I couldn not write about Eva without mentioning her elder sister, Constance.

 “...two girls in silk kimonos both beautiful, one a gazelle” W. B. Yeats

Eva Gore-Booth (1870 - 1926) - Irish

Eva and her sister Constance were described as being 'flamboyant' and 'reactionary'.  It sounds as though they were strong, independent women.  They were both passionate supporters of the growing feminist movement at that time and created a publication called "Urania", which discussed questions of gender and sexuality.  They were also actively involved in the political scene in Ireland.  The sisters died within a year of each other,.

Eva Selina Laura Gore-Booth was born on 22nd May 1870 in County Sligo, Ireland, the daughter of Henry Gore-Booth, a wealthy Anglo-Irish landowner.

As was usual for wealthy families in those days, Eva was educated at home by a governess who had studied at Cambridge and taught Eva music, drawing, poetry, Greek, Latin and Italian.  Shy, sensitive and not very strong, Eva began writing poetry at an early age.  Eva met the poet W.B. Yeats when he stayed at her parents’ home in 1894, and they discussed each other’s poetry.

In 1895, Eva became ill with TB and was sent to Italy to recuperate in 1896.   While there Eva met Esther Roper while staying at the home of George MacDonald, a Scottish writer.   Esther was the daughter of a factory worker who later became a missionary and was already involved in the women’s suffrage movement in Manchester, under the patronage of Millicent Fawcett.  Appalled at the treatment of factory workers, especially when compared to her own background, Eva decided that she had to do something positive.

 On her return to Ireland, Eva started a branch of the Irish Women’s Suffrage and Local Government Association in Sligo.  She then moved to Manchester to share a home with Esther Roper, who remained Eva’s companion until her death.  They became joint secretaries of the Women’s Textile and Other Workers Representation Committee and started a journal called “Urania”, which was a vehicle for their pioneering ideas.  They were both very active in the emerging women’s movement, becoming involved in politics and campaigning for votes for women, as well as defending the rights of barmaids, flower sellers, women who worked in coal mines and circus performers.

 In 1916, Eva campaigned for the release of her sister, Constance, who had been sentenced to death for her part in the 1916 Rising – The Easter Rebellion – the campaign during Easter Week 1916 to establish an independent Ireland and end British rule.

 After the War, Eva and Esther joined the Committee for the Abolition of Capital Punishment and worked tirelessly in the cause of prison reform.  As time went by, Eva’s health deteriorated but she continued to write poetry as well as plays.  She died in Hampstead, London on 30th June 1926.

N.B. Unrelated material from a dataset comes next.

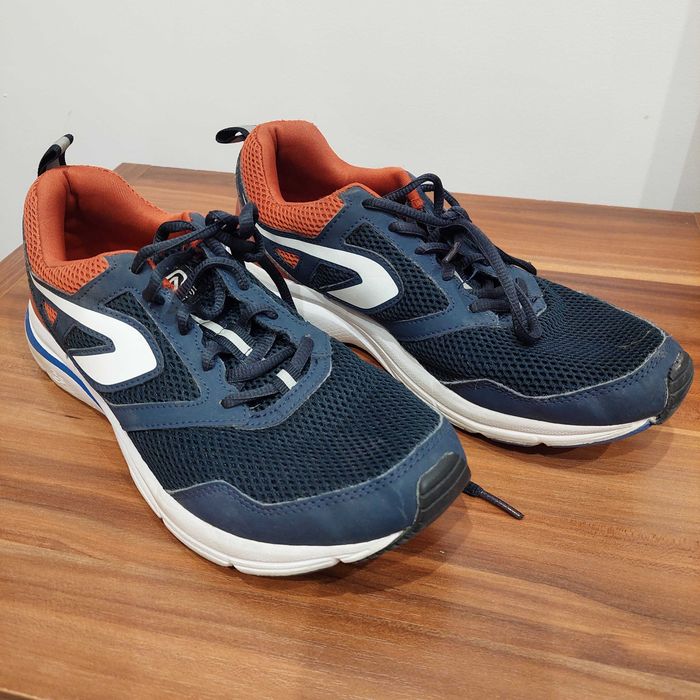 Buty sportowe Kalenji roz.41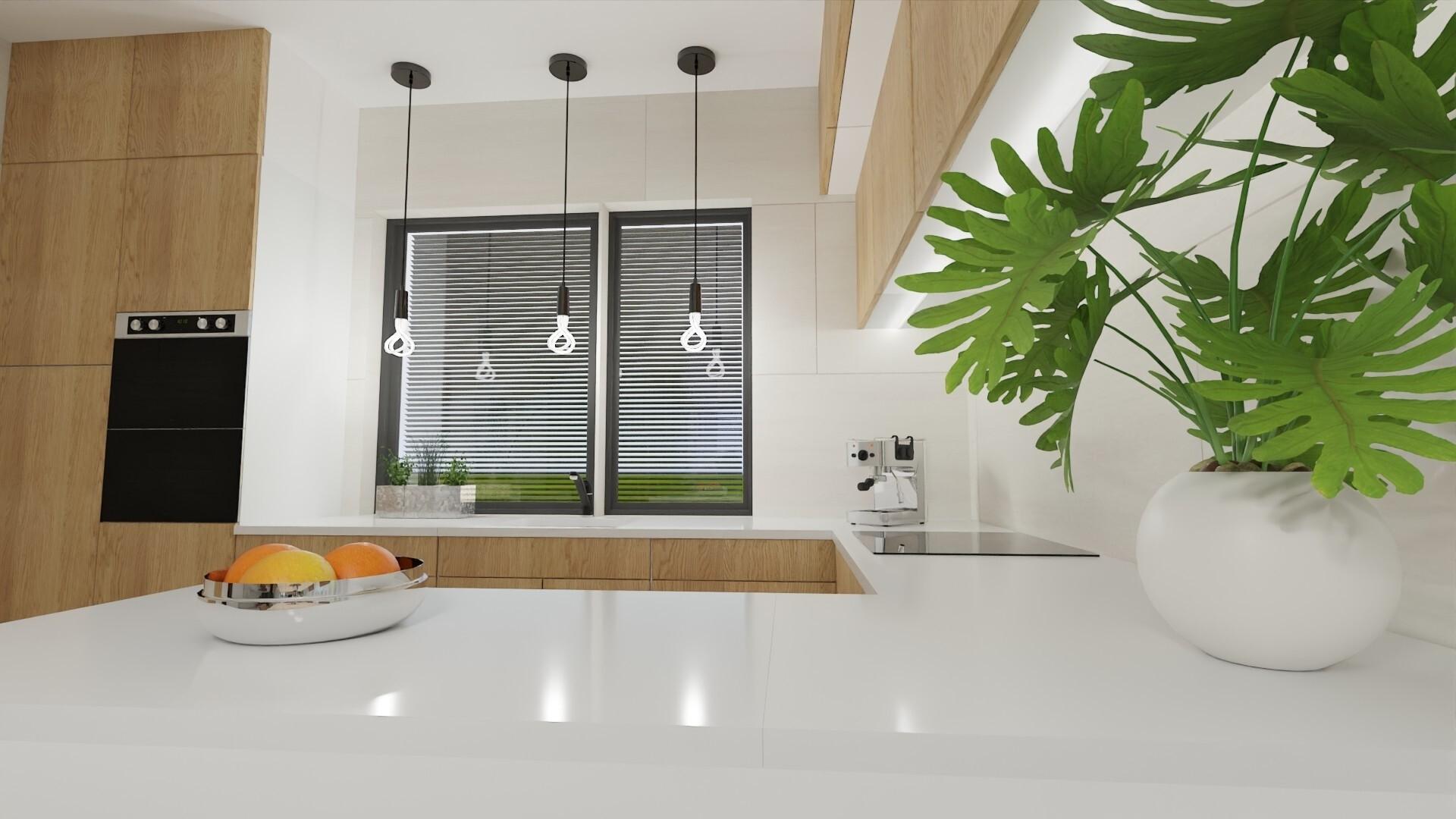 Lokalita-relax-priestor a komfort -  To všetko nájdeš v Báči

 Eva’s poetry was highly praised by Yeats.  After Eva’s death, Esther collected her poems together, writing a biographical introduction to go with them.

Portrait of Eva painted by her sister, Constance

Sources:  Lewis, Gifford.- “Booth, Eva Selina Gore- (1870 – 1926). (Oxford University Press, Oxford, 2014)

Tiernan, Sonja.- “Eva Gore-Booth:  An Image of Such Politics” (Manchester University Press, Manchester, 2012)

Va’s WW1 poetry collections were:  “Broken Glory” (Maunsel, Dublin, 1918)  and “Poems” (Longmans, Green, London, 1929).   She also had poems included in three WW1 poetry anthologies. Other collections by Eva were:  “The Perilous Light” , “Poems”, “The One and the Many”,

“In Memory of Eva Gore-Booth and Con Markievicz”
By William Butler Yeats (13 June 1865 – 28 January 1939) - Irish poet

The light of evening, Lissadell,
Great windows open to the south,
Two girls in silk kimonos, both
Beautiful, one a gazelle.
But a raving autumn shears
Blossom from the summer's wreath;
The older is condemned to death,
Pardoned, drags out lonely years
Conspiring among the ignorant.
I know not what the younger dreams –
Some vague Utopia – and she seems,
When withered old and skeleton-gaunt,
An image of such politics.
Many a time I think to seek
One or the other out and speak
Of that old Georgian mansion, mix
Pictures of the mind, recall
That table and the talk of youth,
Two girls in silk kimonos, both
Beautiful, one a gazelle.

Dear shadows, now you know it all,
All the folly of a fight
With a common wrong or right.
The innocent and the beautiful
Have no enemy but time;
Arise and bid me strike a match
And strike another till time catch;
Should the conflagration climb,
Run till all the sages know.
We the great gazebo built,
They convicted us of guilt;
Bid me strike a match and blow.

W. B. Yeats, "In Memory of Eva Gore-Booth and Con Markievicz" from “The Winding Stair and Other Poems” (Kessinger Publishing, 1933)

Constance Markievicz (1868 – 1927) – Irish artist

Constance Georgine Gore-Booth was born at Buckingham Gate, in London on 4th February 1868, the elder daughter of Sir Henry Gore-Booth, 5th Baronet, an explorer and wealthy Anglo-Irish landowner, and Georgina, Lady Gore-Booth, nee Hill.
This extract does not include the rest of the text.